Said Didu menekankan bahwa kritiknya terhadap PSN PIK-2 berlandaskan fakta, bukan hoaks atau ujaran kebencian seperti yang dituduhkan.
Menurutnya, upaya mediasi tidak diperlukan karena ia tidak memiliki konflik personal dengan pihak pelapor.
Sementara itu, Mantan Ketua Mahkamah Konstitusi (MK), Jimly Asshiddiqie, turut memberikan pandangannya terkait kasus ini.
Ia mengimbau aparat penegak hukum untuk menghentikan proses hukum terhadap tokoh-tokoh yang bersikap kritis terhadap pemerintah, termasuk Said Didu, untuk menjaga demokrasi tetap sehat.
“Sebisa mungkin, aparat penegak hukum menghentikan semua proses hukum atas laporan terhadap orang yang berbeda pendapat atau bahkan anti terhadap kebijakan pemerintah. Demokrasi membutuhkan ruang kritik dan toleransi atas perbedaan,” tegas Jimly dalam cuitannya di akun X pribadinya pada Kamis (21/11/2024).
Jimly juga menyoroti penggunaan pasal-pasal karet dalam menjerat tokoh kritis seperti Said Didu dan Refly Harun.

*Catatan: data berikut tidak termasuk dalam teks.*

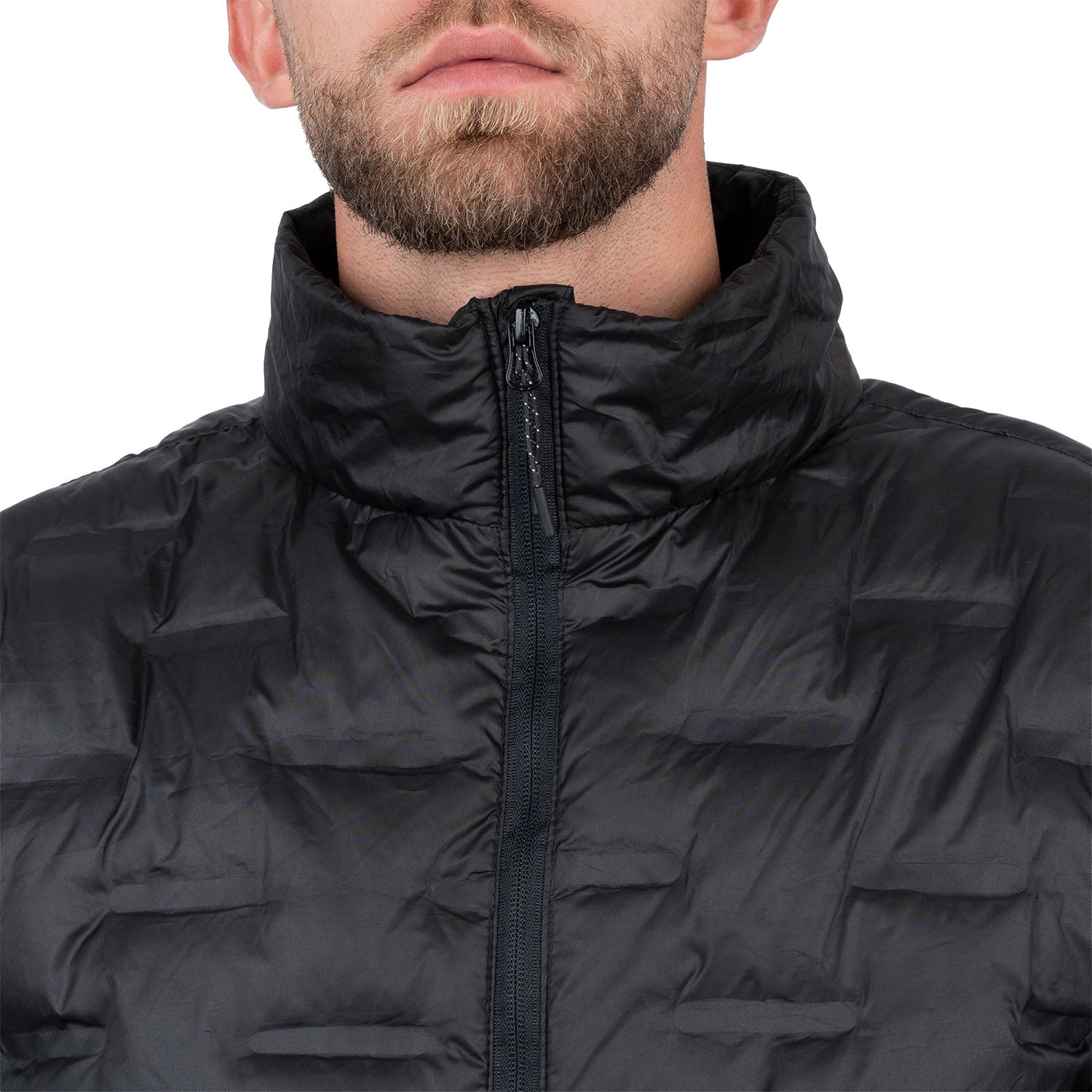 Insulated Nylon Winter Jacket for Men - Nirlon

Menurutnya, langkah semacam ini dapat menciptakan persepsi bahwa pemerintah memanfaatkan hukum untuk membungkam kritik.
“Ini hanya akan merusak demokrasi yang membutuhkan sikap toleran atas segala perbedaan. Kritik adalah bagian penting dari proses demokrasi,” tambah Jimly.
Sebagai solusi, Jimly mengusulkan penerapan prinsip restorative justice untuk menangani kasus serupa. Ia menilai pendekatan ini lebih efektif dalam meredam konflik dan menjaga keadilan.
“Aparat penegak hukum, baik kepolisian maupun kejaksaan, perlu sungguh-sungguh menerapkan kebijakan restorative justice.
Pelapor dan terlapor bisa dipertemukan secara damai melalui mekanisme penyelesaian di luar pengadilan,” jelasnya.
Kasus Said Didu menjadi sorotan publik sebagai ujian bagi demokrasi di Indonesia.
Jimly mengingatkan bahwa kriminalisasi terhadap kritik hanya akan melemahkan sistem demokrasi yang membutuhkan ruang untuk pandangan berbeda.
“Kritik yang disampaikan dengan baik adalah bagian dari upaya membangun bangsa. Demokrasi harus memberikan ruang untuk itu,” pungkas Jimly.
Dengan sikap tegas Said Didu yang menolak mediasi dan seruan Jimly untuk menghentikan kriminalisasi kritik, kasus ini mencerminkan pentingnya keseimbangan antara kebebasan berpendapat dan penegakan hukum dalam menjaga demokrasi tetap sehat dan inklusif.